Artus turned to her. “You’re going to die at Kaverin’s hands, sooner or later, no matter how loyal you are.”
Kaverin frowned. “How predictable. Trying to set us against each other.” He ran a cold jet hand along Phyrra’s cheek, and she smiled. “Phyrra knows full well she’s on her way to the afterlife the moment she fails me. She knows, too, I can offer her more power than she could obtain through more … legitimate allies. Right, my dear?”
“Of course,” she said. Taking a small stick of charcoal from her pocket, Phyrra moved close to Artus. “Don’t move, or I’ll use your own dagger to cut your eyes out. You don’t need to see to be sacrificed to Grumog.”
Carefully the sorceress lifted the medallion from Artus’s chest. She studied the white casing that had so successfully trapped Skuld, then drew a Mulhorandi picture-glyph on it. The metal vibrated and hummed. Blue fire ran along the chain; Artus could feel it tingling on his neck.
“You don’t know how much it galled me to save you from the dinosaurs,” Phyrra said coldly. “If you had let me talk the bearers into camping at Kitcher’s Folly, the goblin raiding party would have caught us there as planned. Instead, I had to cast a spell to mislead the dagger’s compass and trudge through the jungle, pretending to be your trusted servant… .”
“Why not just let the damned monsters kill me?” Artus asked. “Better yet, why didn’t you just send more assassins to the port?”
“Frost minions are too difficult to conjure here and terribly difficult to maintain,” Kaverin replied. “Besides, I’ve decided I need to murder you myself, to stop your heart beating with the hands you forced upon me. I wouldn’t trust anyone else to do it.” He tossed Artus’s journal into the dirt. “After the minions killed Pontifax, I knew I had beaten you. It was only a matter of sending someone trustworthy to fetch you for the slaughter.”
Phyrra lifted the chain from Artus’s neck and handed the medallion to Kaverin. Tossing his hat aside, he slipped it over his shock of red hair. “You won’t be needing this, Cimber,” he said casually. “I thought it a shame to waste such an interesting artifact.”

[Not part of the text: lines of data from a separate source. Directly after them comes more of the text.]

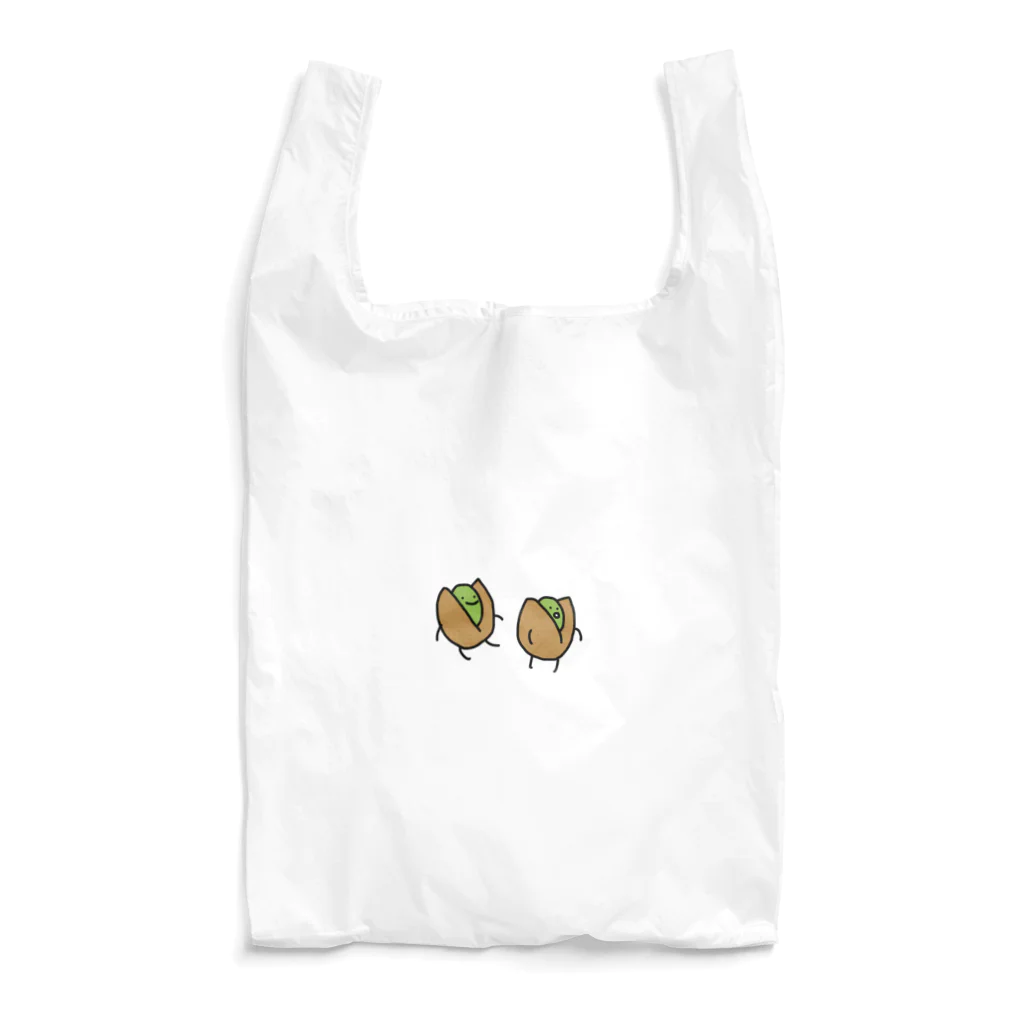 ちゃんかなの親知らずのピスタチオ Reusable Bag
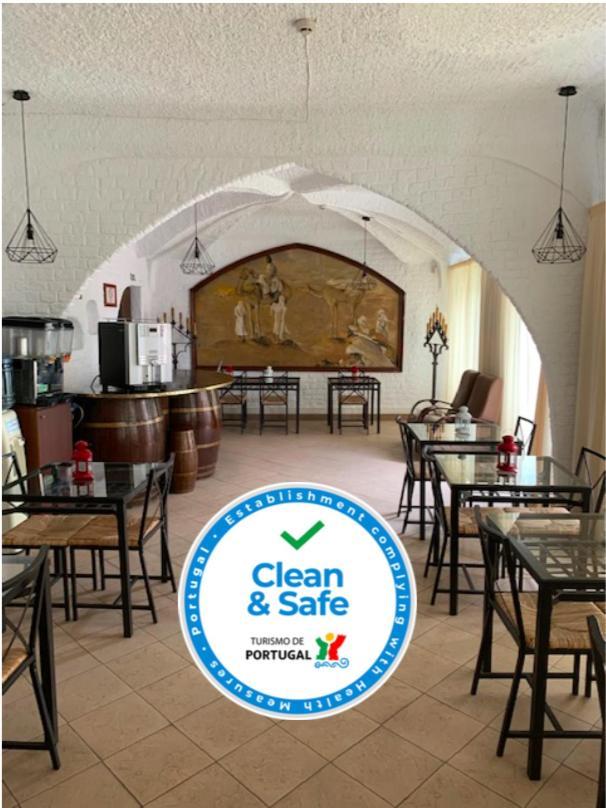 Hotel Nazareth Lisbon Bagian luar foto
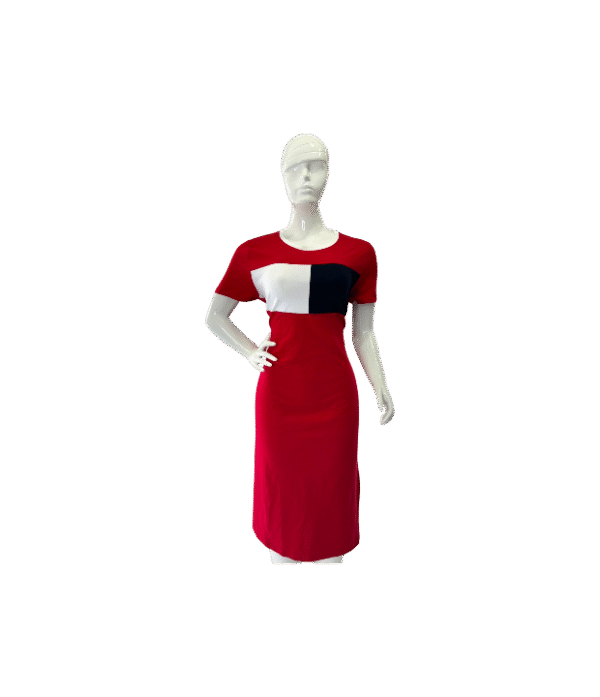 IMG_4457 Vestido Casual Playa TH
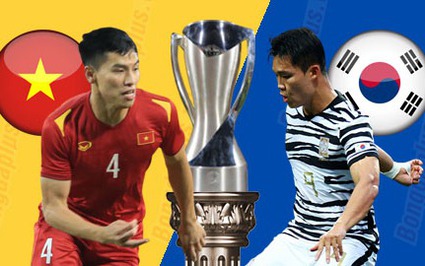 Nhà cái đánh giá trận U23 Việt Nam vs U23 Hàn Quốc: Sẽ có bất ngờ?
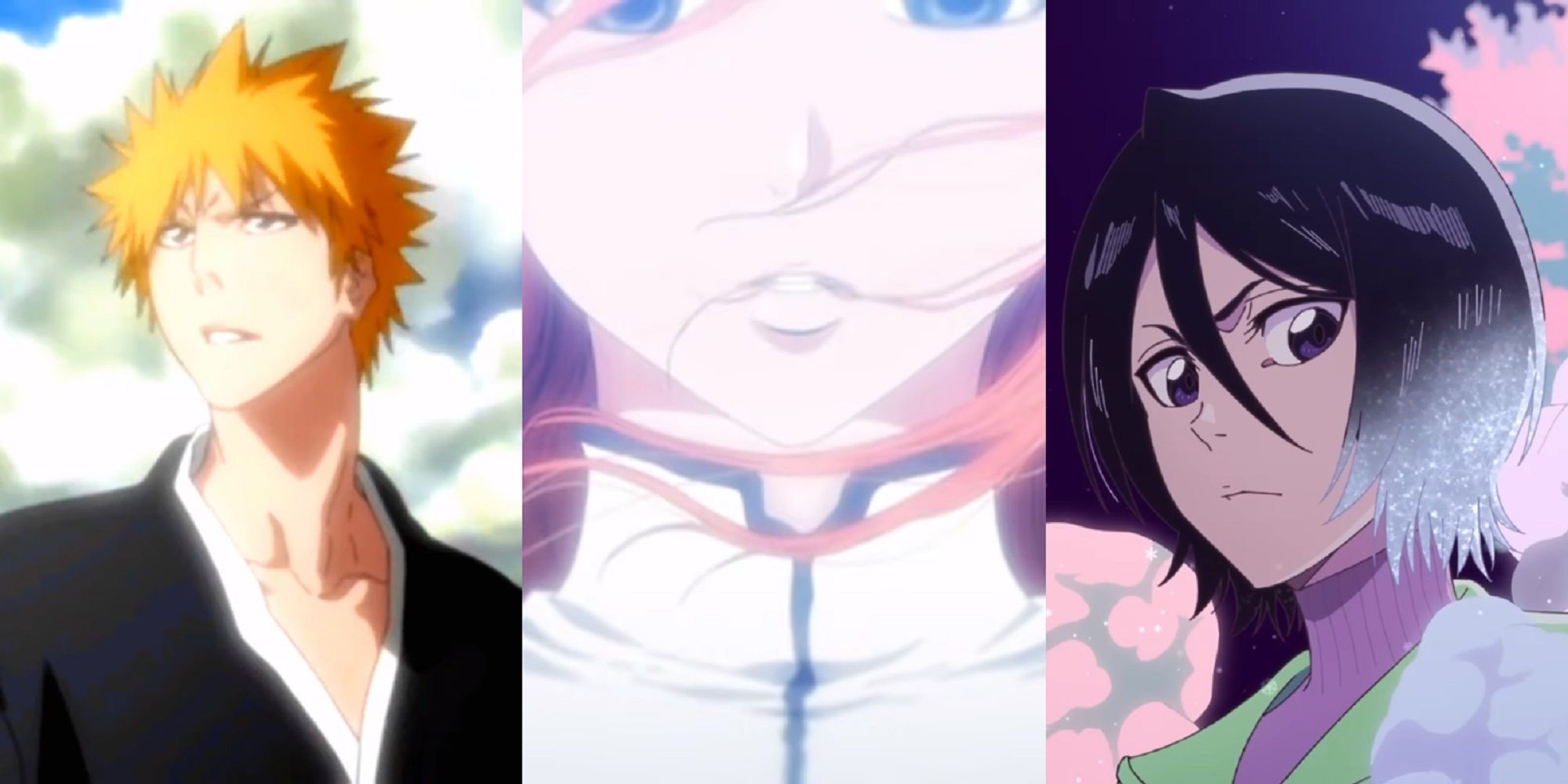 Bleach Best Openings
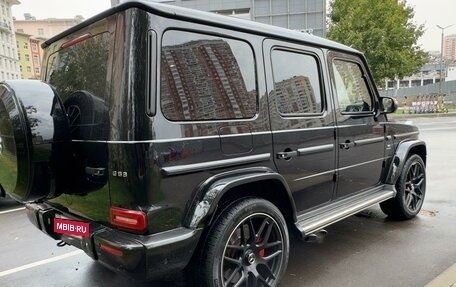 Mercedes-Benz G-Класс AMG, 2019 год, 19 500 000 рублей, 19 фотография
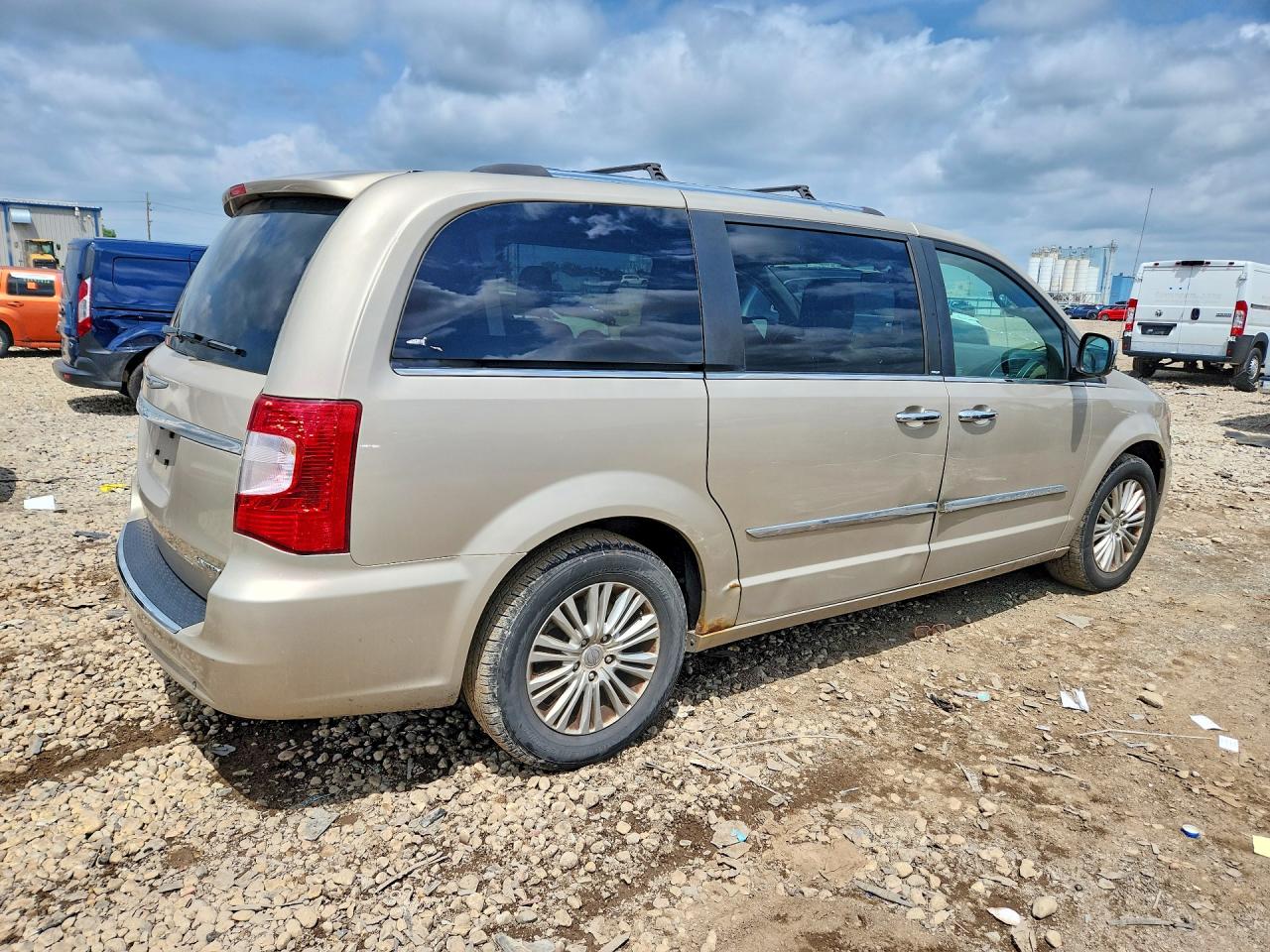 Chrysler Minivan Limited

The tolling of a gong brought an appreciative murmur from the crowd of goblins that had gathered in front of the central building. Slowly they began to file toward the pit. The seven warriors who held Artus hefted him over their heads and followed. Kaverin walked close behind, as did Phyrra, once she had picked up Artus’s journal.
The pit gaped like a ghastly open wound, mist seeping from it like blood, snaking in long, thin wisps over the ground. A huge gong stood at the widest point, next to a small wooden bridge. A bored young goblin leaned upon the gong’s supports. He watched the procession with heavy-lidded eyes, then smacked his lips and raised a cloth-wrapped club. Again he struck the gong. The sound filled the air, echoing back in distorted tones from the pit.
“We ready to offer chow for Grumog?” came a voice from the throng.
The crowd parted and a female goblin sauntered forward. She had the same general features as the rest of her tribe—mottled red and orange skin, yellow eyes, and a broad, flat nose—but she also possessed a full head of flowing, golden hair, the likes of which would have made any lady in King Azoun’s court jealous. In fact, despite her decidedly goblinlike physiognomy, she might have been considered quite attractive.
It was clear to Artus then how Kaverin had managed to win the Batiri to his cause. The queen wore a beautiful silk dress and sported a dozen brooches and necklaces. Her hands were heavy with rings.
“Queen M’bobo,” Kaverin said smoothly, in his most polished Goblin. He bowed to the monarch and held out a hand. She took it and gracefully came forward. “This is the scoundrel I was telling you about.”
She raised a thin eyebrow. “He not so much.” With her finely manicured claws, she pinched Artus’s arm. “Not much to eat anyway. OK. We throw him in.”
“Wait!” Kaverin exclaimed.
“What wrong?” M’bobo asked.
“You—you can’t just drop him into the pit.”
The queen thought about it for a moment, then nodded. “You right. Balt! Get Grumog’s new stuff.”
The goblin warrior with dinosaur-hide armor limped forward. He used Artus’s bow as a staff, and the quiver of arrows hung on his back. Without a word, he walked up to Phyrra and jammed a hand into her pocket. She tried to push him away, but he still came away with the dagger the centaurs had given to Artus. “This all,” Balt grumbled, holding up the bow and the dagger. He limped to the foot of the bridge and tossed them into the pit, then dumped the quiver of arrows.
“The book, too,” Artus said. He gestured with his chin to his journal, still clutched in Phyrra’s hand.
The sorceress started to object, but Kaverin silenced her with a look. “It won’t do him any good,” he said softly.
She handed the book to Balt, who unceremoniously heaved it into the pit. Then the queen gestured to the warriors holding Artus, and they started toward the bridge. Kaverin quickly blocked their path, drawing the ire of both M’bobo and Balt. “What now?” the queen sighed.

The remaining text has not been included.